The Government of Saskatchewan’s White Paper on Climate Change begins with an acknowledgement of the reality of man-made climate change and the need to curtail emissions of greenhouse gases. In 2015, emissions from the province of Saskatchewan totaled 75 million tonnes of carbon dioxide equivalents which equates to 10% of the Canadian total. The intensity of emissions from Saskatchewan is extreme, and on a per capita basis, is 3 fold greater than the national average.

Under the Paris Agreement, Canada has committed to achieve a 30% reduction in greenhouse gas emission by the year 2030 relative to emissions on record for the year 2005. In contrast, the government of Saskatchewan has put forth a position that a focus on the intensity of provincial emissions is misplaced and that specific targets to curtail emissions are not needed.

By 2030 the government plans to increase grid penetrations by renewables (hydro, wind, solar and geothermal) from 25 to 50% of the total production capacity. This initiative should be acknowledged; however, given the rate of emissions from other sectors of the economy, the net effect of this initiative will be marginal.

The most significant emissions abatement opportunity for Saskatchewan resides in the oil and gas sector. In 2016, Canada, the US and Mexico agreed to cut methane emissions from the oil and gas sector by 40-45% by the year 2025. In Canada, specific federal regulations to monitor and minimize leakage and venting of methane will be phased in between 2020 and 2023. The provincial Climate Change Strategy does not clearly commit to achieving federal targets to reduce methane emissions from the oil and gas sector.

Outside of policies directed toward electricity production and possibly the oil and gas sector, the Climate Change Strategy of the Government of Saskatchewan is largely devoid of substance. All that remains in the document is a laundry list of often vague statements of intent that are provided without targets to curtail emissions within economic sectors.

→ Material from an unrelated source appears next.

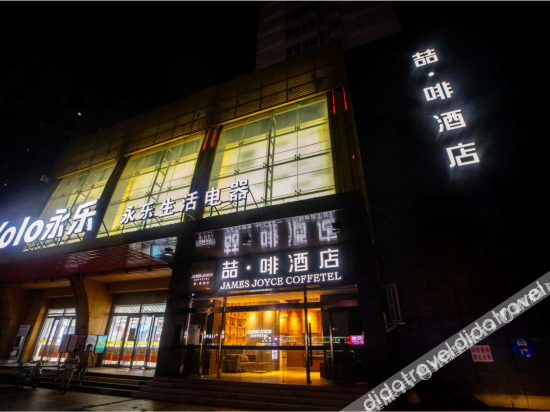 Others 4, Ji Coffee Hotel, Shanghai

Using the government’s own projections, relative to a year 2005 baseline, annual provincial emissions would increase by 12.5 million tonnes by the year 2030 under a business as usual scenario. Assuming a 45% cut in methane emissions from the oil and gas sector and a 50% penetration of power supply by renewables, provincial emissions would be cut by 11 million tonnes. As such, implementation of Saskatchewan’s limited climate action plan would result in zero change in emissions by the year 2030. If carbon sinks (carbon withdrawal from the atmosphere through agricultural soils and forestry) are included in the calculation of baseline emissions and year 2030 projections, net provincial greenhouse gas emissions would increase by 9%.

In reality, the Saskatchewan Climate Change Strategy does not contain specific targets to reduce total greenhouse gas emissions because these projections would highlight the lack of ambition within the plan. The policies put forward by the government to curtail emissions are grossly inadequate and inconsistent with regional obligations to combat climate change. An indefinite continuation of the extreme intensity of emissions from Saskatchewan will undermine Canada’s efforts to achieve a minimum of a 30% reduction in emissions by the year 2030 as specified under the Paris Agreement.